Getaran di saku rokku terasa, aku merogoh benda pipih tersebut. Mataku melotot sampai nyaris keluar dari lubangnya begitu melihat sang pemanggil. Tamat sudah sampai di sini. Sera sialan!!!! Kenapa bisa Sera membocorkannya?
Om Gio meneleponku.
"Halo?"
"Halo, Sashi." Suara Om Gio begitu dingin, dia terdiam lama. "Sebenarnya saya tidak mau mencampuri urusan kalian. Andai saja kamu menuruti ucapan saya tempo hari. Kenapa kamu malah melanggarnya? Saya sudah ngomong dari awal bukan, kamu pasti mengerti maksud ucapan saya."
"Maaf, Om." Aku menahan sesak.
"Saya sudah tahu hubungan kalian. Saya bicara sama kamu duluan agar kamu tidak terkejut nantinya. Maaf, kalian memang harus secepatnya pisah. Saya tidak membiarkan Arya pacaran untuk saat ini, bahkan sampai lulus sekolah nanti."
Hiks, air mata menggenang. Aku sesak napas tidak mampu mengendalikan emosi yang bergejolak di dada. Hancur dalam sekejap mata.
"Ba—baik, Om. Saya akan—"
"Sashi, ada banyak hal yang bisa kamu lakukan di usia seperti ini, selain pacaran. Dalam agamamu juga tidak ada istilah pacaran, bukan? Sekalian bersiap diri agar bisa masuk kelas reguler. Kamu bisa memperbaiki nilaimu. Kamu bisa memanfaatkan waktu untuk fokus pada pendidikan. Saat kelak kalian dewasa nanti, kami akan datang ke rumah kamu. Arya pasti bisa hanya melihat satu orang wanita."
Pipi dan mataku sudah basah, aku sesenggukkan. "Iya, Om. Saya akan memperbaiki pendidikan saya dulu. Nggak usah janji apa-apa, Om. Setiap manusia berubah, apa yang diucapkan sebulan lalu belum tentu dipegang sampai sekarang. Apalagi janji untuk beberapa tahun lagi." Aku tersenyum getir.
Semua ucapan dan janji Arya menguap entah ke mana, perasaan sayangku padanya berubah menjadi rasa kecewa yang sangat amat mendalam. Ini salahku, aku harus terima dengan lapang dada. Setidaknya untuk saat ini, izinkan aku untuk menangis sepuasnya.

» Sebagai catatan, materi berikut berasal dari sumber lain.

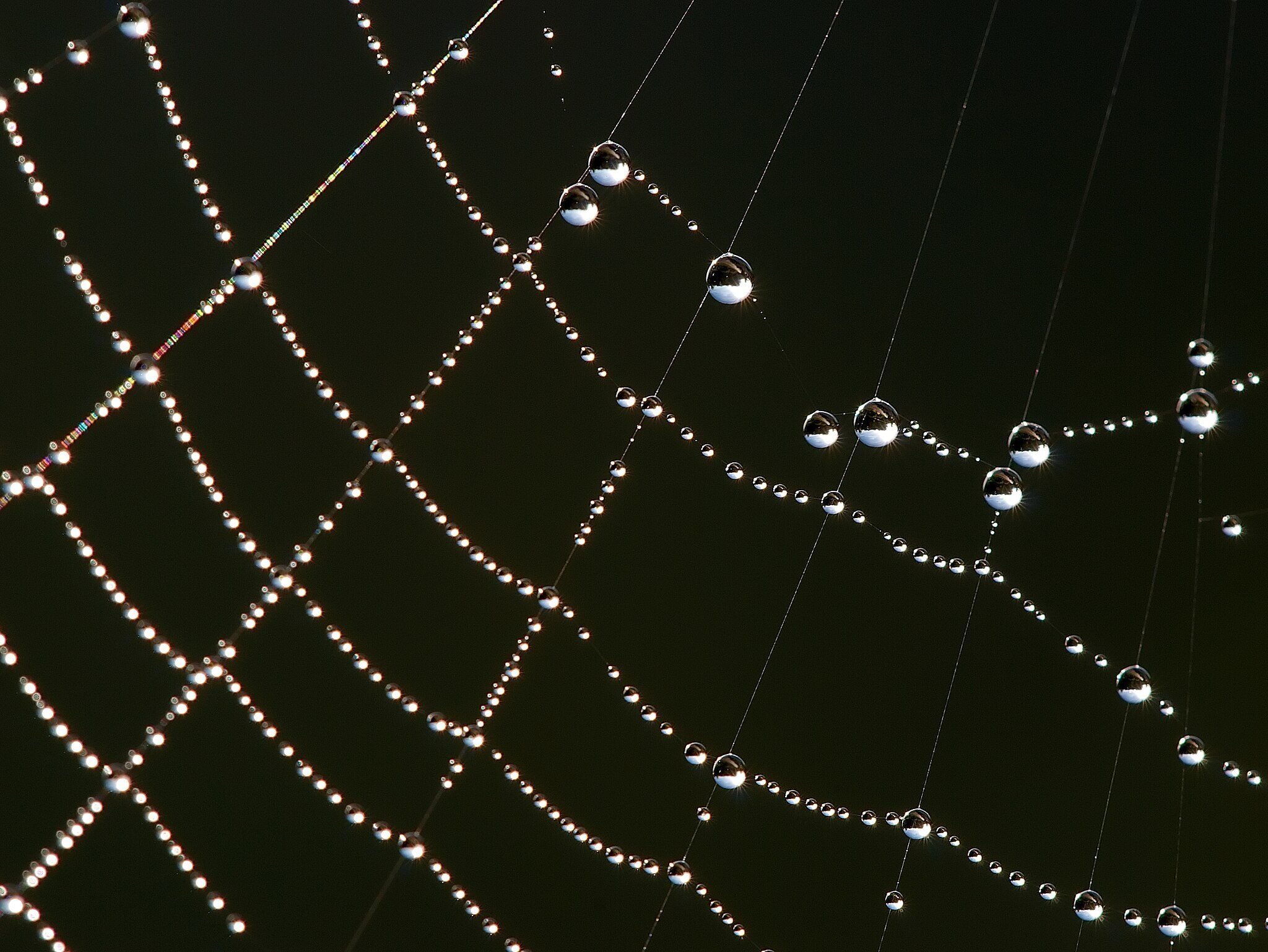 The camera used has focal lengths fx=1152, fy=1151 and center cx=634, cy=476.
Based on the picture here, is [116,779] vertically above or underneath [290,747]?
underneath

"Jangan meremehkan keseriusan pria, Sashi," ucap Om Gio lagi. Ucapan yang sama dengan kata-kata tante Aika. Aku tidak menjawab. Kehilangan kata-kata.
"Arya pasti bisa menepati ucapannya. Maaf, dengan berat hati saya melakukan ini semua," kata-kata om Gio sebelum memutuskan sambungan. "Tradisi keluarga kami memang begitu, saya dulu juga tidak pernah pacaran."
Aku menangis di dalam bilik toilet sejadi-jadinya.
💙💙💙
Begitu aku keluar dari bilik toilet, disambut oleh pemandangan seorang cewek berpita polkadot duduk di atas westafel dengan gaya angkuhnya. Aku ingin pergi ke kaca tanpa mau mendekat ke arahnya, bagaimana ini?
Mataku sudah pedih dan bengkak, wajahku juga tak karuan lagi bentuknya. Mirip dugong salah vaksin, membesar semua bahkan sampai ke bibirku.
"Nih!!" Vero menyodorkan tisu padaku, aku menatapnya curiga. Dia menggoyangkan tisu agar aku segera menerimanya.
"Makasih, Kak." Teringat ucapan Sera bahwa Vero akan bertunangan dengan Arya membuat hatiku nyeri. Tapi tadi ucapan om Gio berbanding terbalik. Apa ayahnya Arya hanya ingin menghiburku dengan bualan?
Beliau tadi berjanji akan datang ke rumahku untuk melamar kan? Atau yang datang ke rumahku adalah Om Gio sendiri melamarku untuk menjadi istri keduanya, sementara Arya bersama Vero?
Astaga, Sashi jangan ngaco!
Aku mengambil tisu dan menghapus sisa-sisa bekas tangisanku. Vero memperhatikanku dalam diamnya, wajahnya yang sendu membuatku bertanya-tanya. Tidak biasanya dia diam saja.
"Arya bikin lo nangis?"
Bukan, bapaknya.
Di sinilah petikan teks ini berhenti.